**Excerpted data:**
<<<<

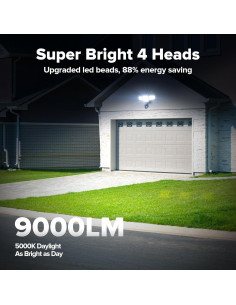 Luz de Seguridad LED LUTEC 80W 9000LM 4 Cabezas IP65 2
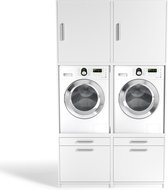 Wasophoogte® Wasmachine Kast Due Hoog - Wasmachine verhoger - Wasmachine ombouw - Wasmachine ombouw / -opbouwmeubel - Multiplex - 700(D)*1352(B)*2350(H) mm - Wit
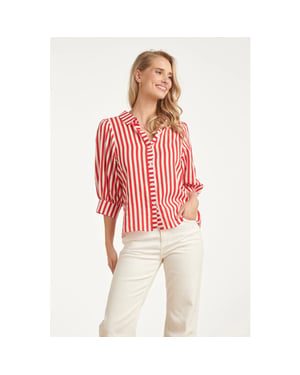 Smashed Lemon Gestreepte dames blouse met pofmouwen |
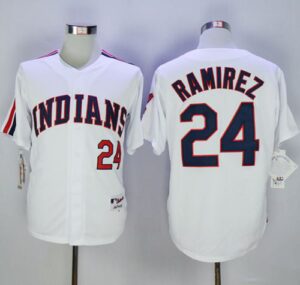 Cleveland Indians #24 Manny Ramirez White 1978 Turn Back The Clock Stitched Jersey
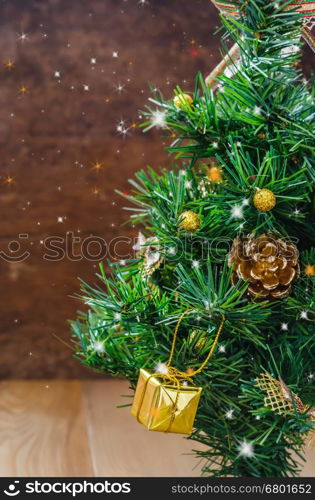 Christmas with decorations . Christmas background with decorations and gift boxes on wooden board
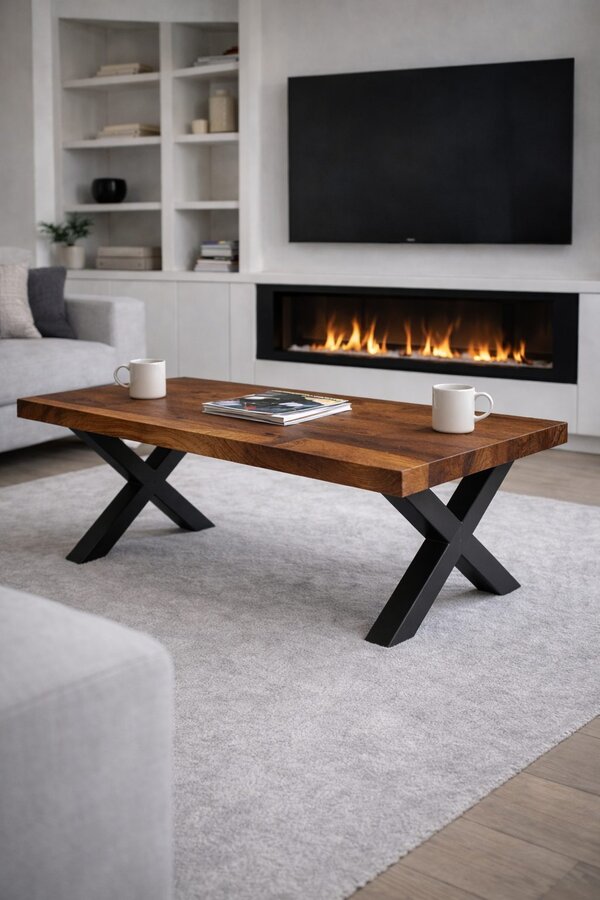 Modern dark oak coffee table with black X-shaped legs in front of a contemporary media wall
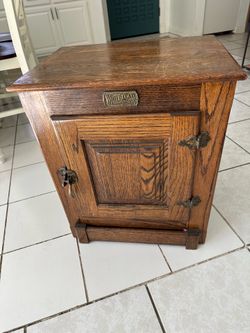Vintage White chest Oak wood ice box Nightstand cabinet chest end Table $55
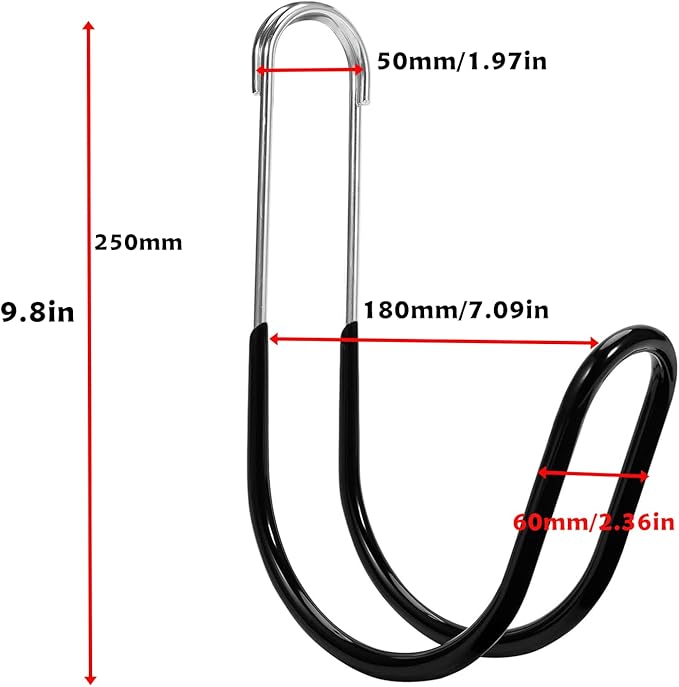 Garden Hose Holder Water Hose Hanger Wall Mounted,304Stainless Steel Solid Hose Hook Holds Up to 50Ft Garden Hose, Expandable Hose, Water Hose(Black Paint 2pcs)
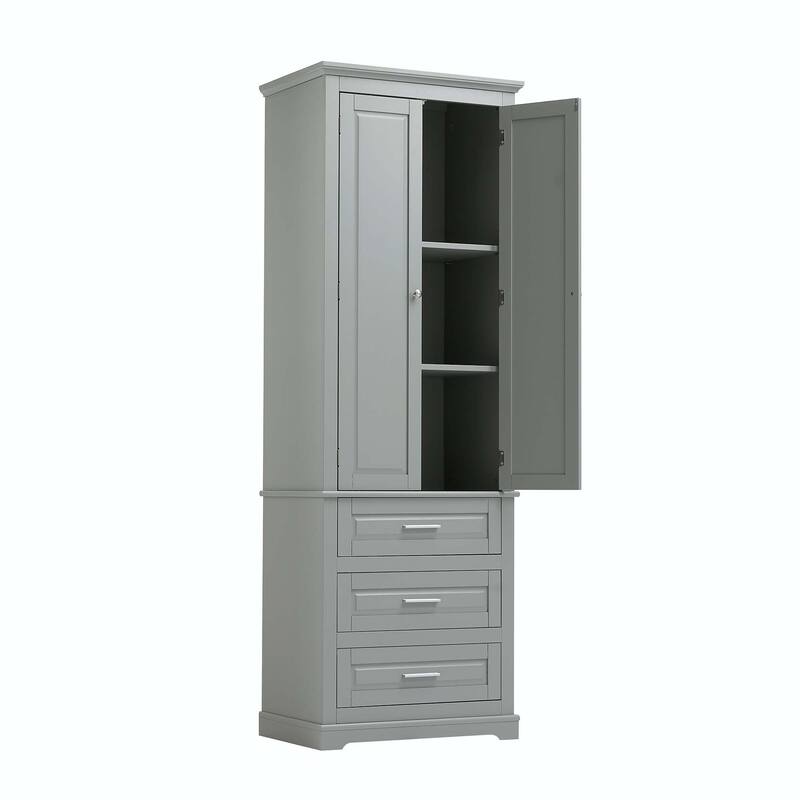 Bathroom Tall Storage Cabinet with Three Drawers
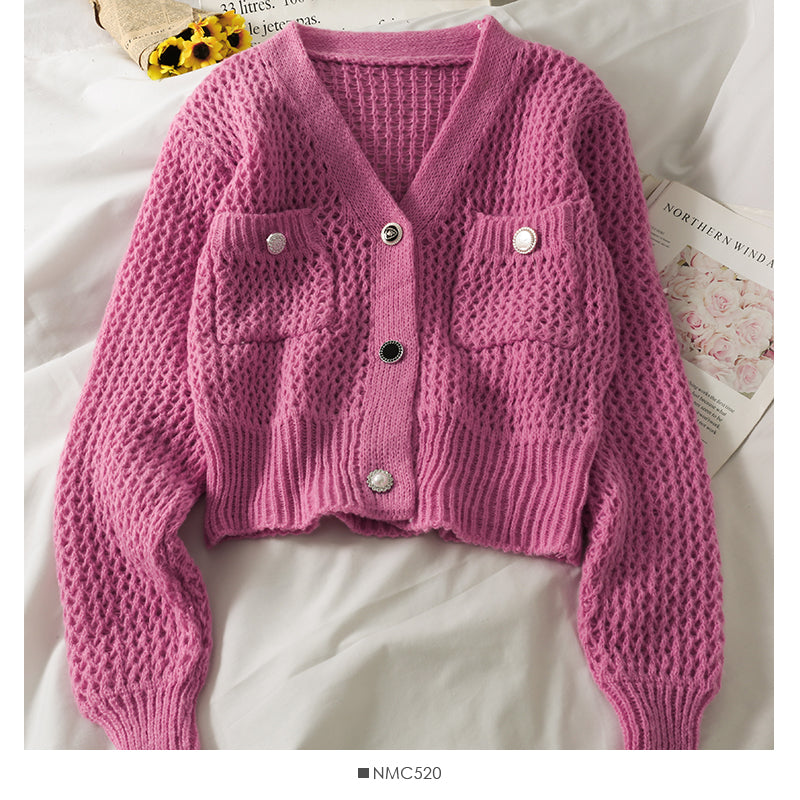 Sweater women's sweater V-neck cardigan versatile top  1737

>>>>

Output exactly the stretch of the listing that begins at the line containing "Smashed Lemon Gestreepte" and ends at the line containing "Modern dark oak", both kept. Omit pictures and everything else.

 Smashed Lemon Gestreepte dames blouse met pofmouwen |
 Cleveland Indians #24 Manny Ramirez White 1978 Turn Back The Clock Stitched Jersey
 Christmas with decorations . Christmas background with decorations and gift boxes on wooden board
 Modern dark oak coffee table with black X-shaped legs in front of a contemporary media wall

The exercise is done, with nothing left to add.